Image-text web data
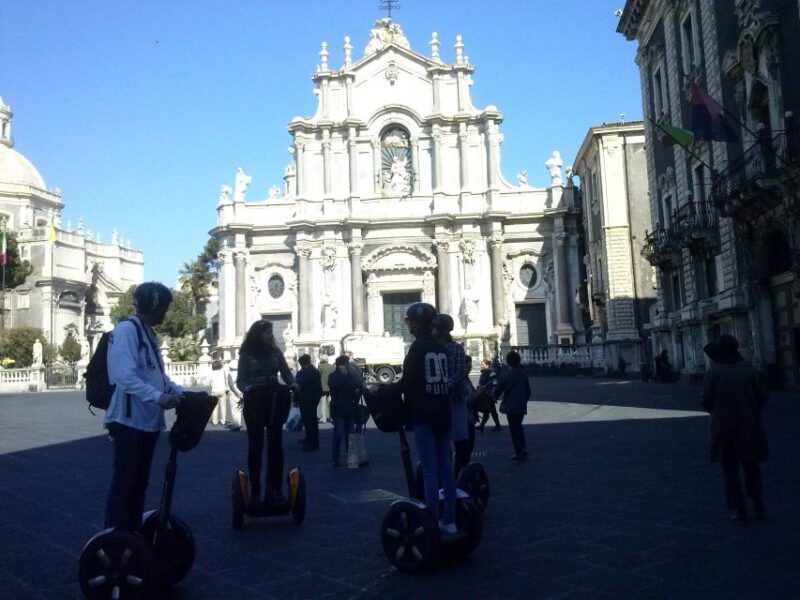 3-hour-catania-segway-pt-authorized-tour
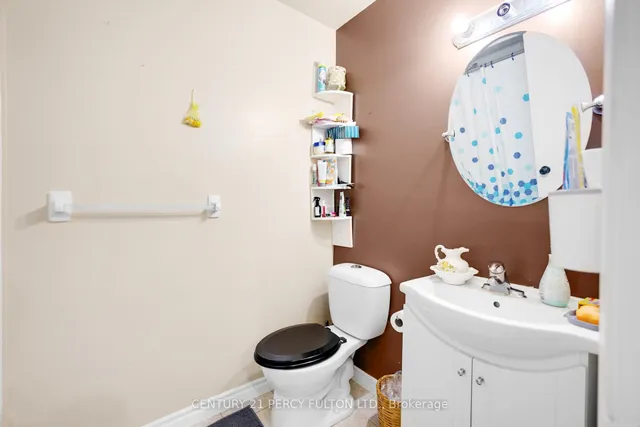 Additional image 19 of 3085 Kingsway Dr Unit 56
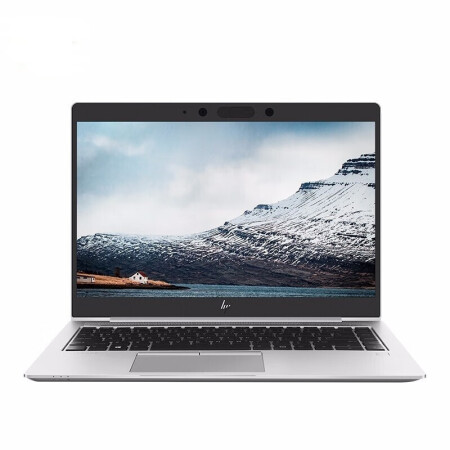 【惠普 830 G8】惠普（HP）EliteBook 830G8 13.3英寸商用轻薄笔记本电脑（i5-1135G7/8G/512SSD/集显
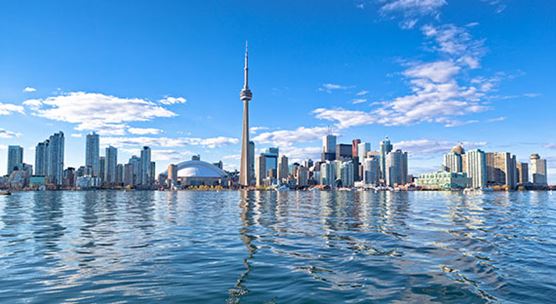 Four Charts on Canada’s Carbon Pollution Pricing System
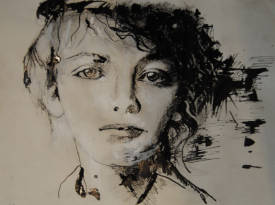 Barbara LAVENDA - 9HuIYMyDTLWcLTw+EcJFXw_thumb_35fe.jpg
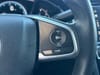 14 thumbnail image of  2016 Honda Civic EX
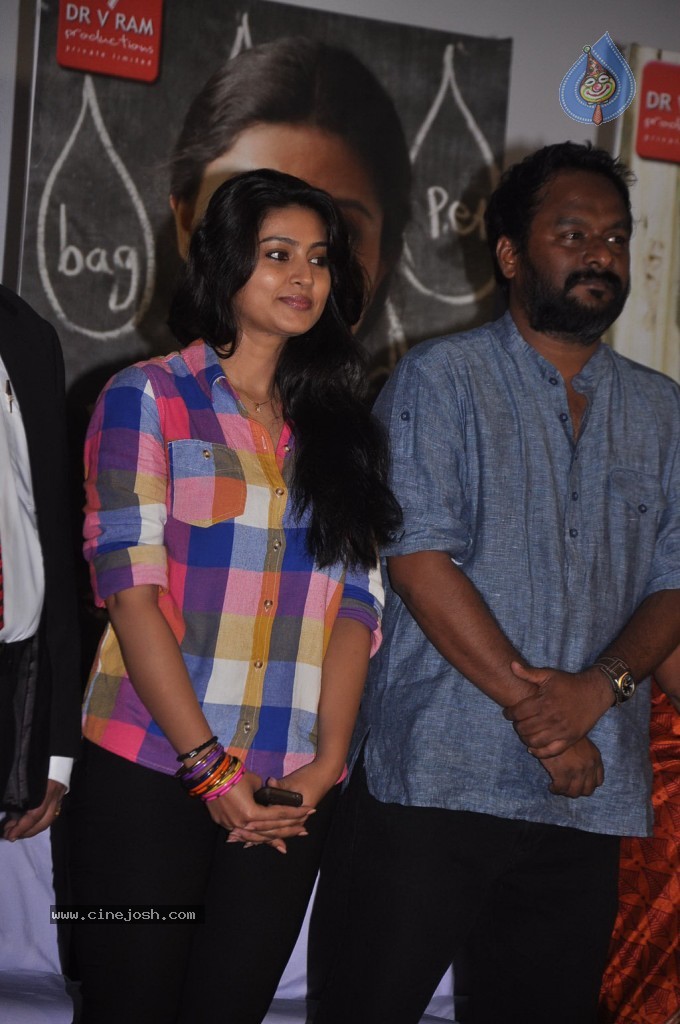 Haridas Tamil Movie Stills - 35 / 47 photos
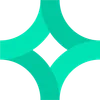 Nansen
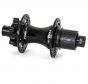 Halo MT Supadrive Rear Hub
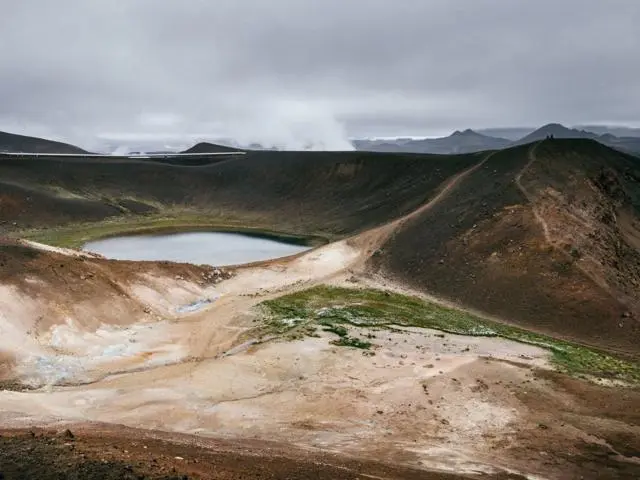 AdobeStock_geothermal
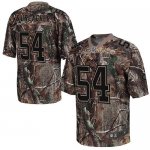 Jerseys Factory Cheap Nike Bears #54 Brian Urlacher Camo Men's E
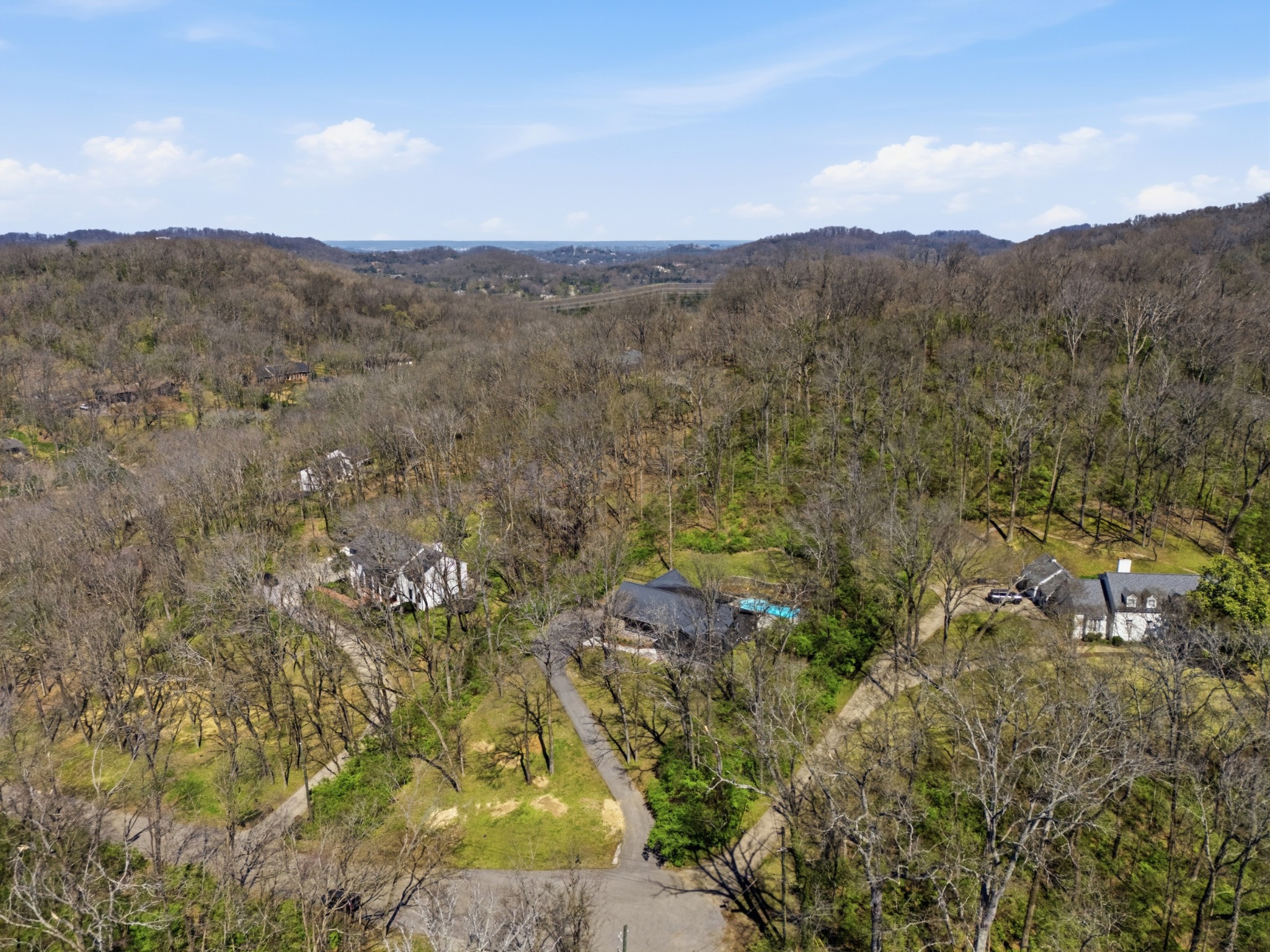 1805 Stonehaven Ct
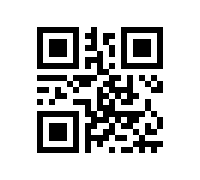 Contact Mercedes Benz Service Center London Ontario Canada by Scanning this QR Code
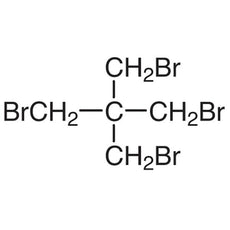 Pentaerythrityl Tetrabromide, 25G - P0752-25G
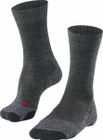 TK2 Explore Damen Trekking Socken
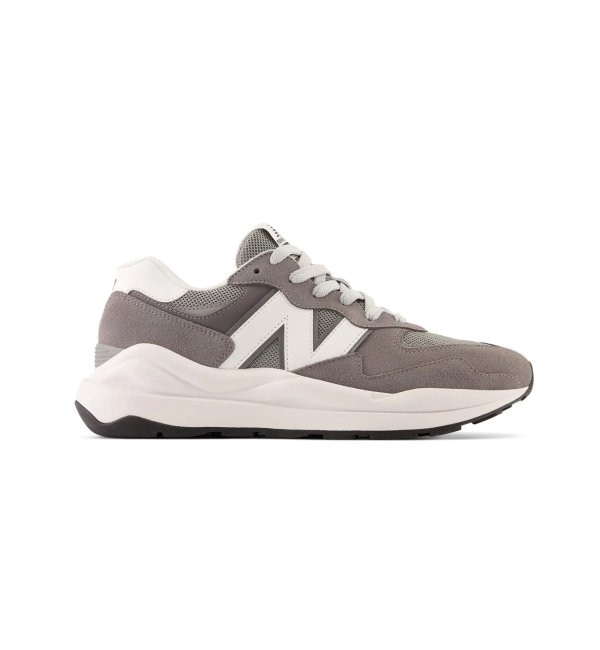 【New Balance / ニューバランス】M5740 VPB/VPA/VPD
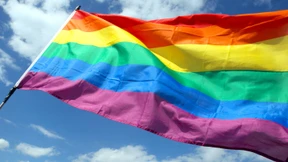 Das Thema Gender-Identität überfordert Kinder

> **Activity**
Copy exactly the lines from the one containing "1805 Stonehaven Ct" through the final line of the records above, both included, and leave out any pictures.

> **Reply to the exercise**
 1805 Stonehaven Ct
 Contact Mercedes Benz Service Center London Ontario Canada by Scanning this QR Code
 Pentaerythrityl Tetrabromide, 25G - P0752-25G
 TK2 Explore Damen Trekking Socken
 【New Balance / ニューバランス】M5740 VPB/VPA/VPD
 Das Thema Gender-Identität überfordert Kinder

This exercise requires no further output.